Paul Nelson writes a long rave review of The Who Sell Out in The New York Times.

 

Transcript:

 

‘Rock Is Too Serious,’ Say The Who

By Paul Nelson

It may or may not be true that “Sgt. Pepper's Lonely Hearts Club Band” has made the themeless rock LP all but obsolete, but certainly no one can minimize the influence of The Beatles’ masterwork in terms of album conceptualization, intellectualism and structure. Although the death notices for the random rock collection may be greatly exaggerated, it is more than coincidence that such recent releases as The Who Sell Out (Decca DL 74950) and The Vanilla Fudge’s The Beat Goes On (Atco SD 33237) fit squarely into the mainstream of the new “concept album" genre.

Whether this growing trend in pop music toward formalism is positive or negative is arguable. Some say that too much emphasis on the cerebral can only kill the basic joy and vitality of the music, while others see the new intellectualism as the coming of age for rock as an art form. Obviously, this question of Art with a capital A has no answer. Either side can be right or wrong depending upon the ammunition used to attack or repel. Pro: The Who appear to wear their classicality naturally so the trend seems both inherent and logical. Con: The rigorous pseudointellectualism of The Vanilla Fudge positively overwhelms any free-flowing niceties the group might otherwise present.

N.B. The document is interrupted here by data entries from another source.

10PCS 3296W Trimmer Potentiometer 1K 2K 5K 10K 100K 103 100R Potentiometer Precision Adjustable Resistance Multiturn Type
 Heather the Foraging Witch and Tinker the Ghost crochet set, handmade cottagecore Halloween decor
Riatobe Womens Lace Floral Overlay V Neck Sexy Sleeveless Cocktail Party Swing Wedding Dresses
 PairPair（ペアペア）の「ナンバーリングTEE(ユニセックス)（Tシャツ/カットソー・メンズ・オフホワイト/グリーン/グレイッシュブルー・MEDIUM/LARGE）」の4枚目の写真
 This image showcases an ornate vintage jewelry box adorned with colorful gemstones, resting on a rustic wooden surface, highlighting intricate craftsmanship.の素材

Ironically, Peter Townshend, the lead guitarist for The Who and one of rock's most brilliant and influential songwriters, takes a curious and often pragmatic position on the growing formalism. He feels that “there's no bloody youth in music today.” One of the group’s main purposes in “The Who Sell Out,” said Townshend when I interviewed him, was “to lighten up, to take away some of the seriousness which seems to hang around the band, which isn’t really there . . . We wanted to change the fact that so many fans approach us so seriously.”

Why then, the “concept” approach?

“It's got a slight formalism because we thought we needed a form throughout the album to make it stand up within the terms of the other albums coming out today. Having a form for an album seems to be what is happening, and we wanted a form for ours which would be . . . very humoristic.

“Our title, 'The Who Sell Out,' is not meant in the usual terms of ‘selling out’ or sales. It referees to the fact that we’ve ‘sold out’ to a concept of advertising. We’ve got commercials on the album which we composed about genuine products like Heinz Beans, Medac, Odorono, and stuff like that. We’ve written songs about them and stuck them in. And that led to another idea: that of making the whole album into a radio program.”

*

The “Radio London" format comes complete with all the accoutrements of Top-40 radio: the aforementioned commercials, station identifications, never-a-silent-moment sound montages, an express-train pace. This mock unity casts a lovely satiric spell over most of the record.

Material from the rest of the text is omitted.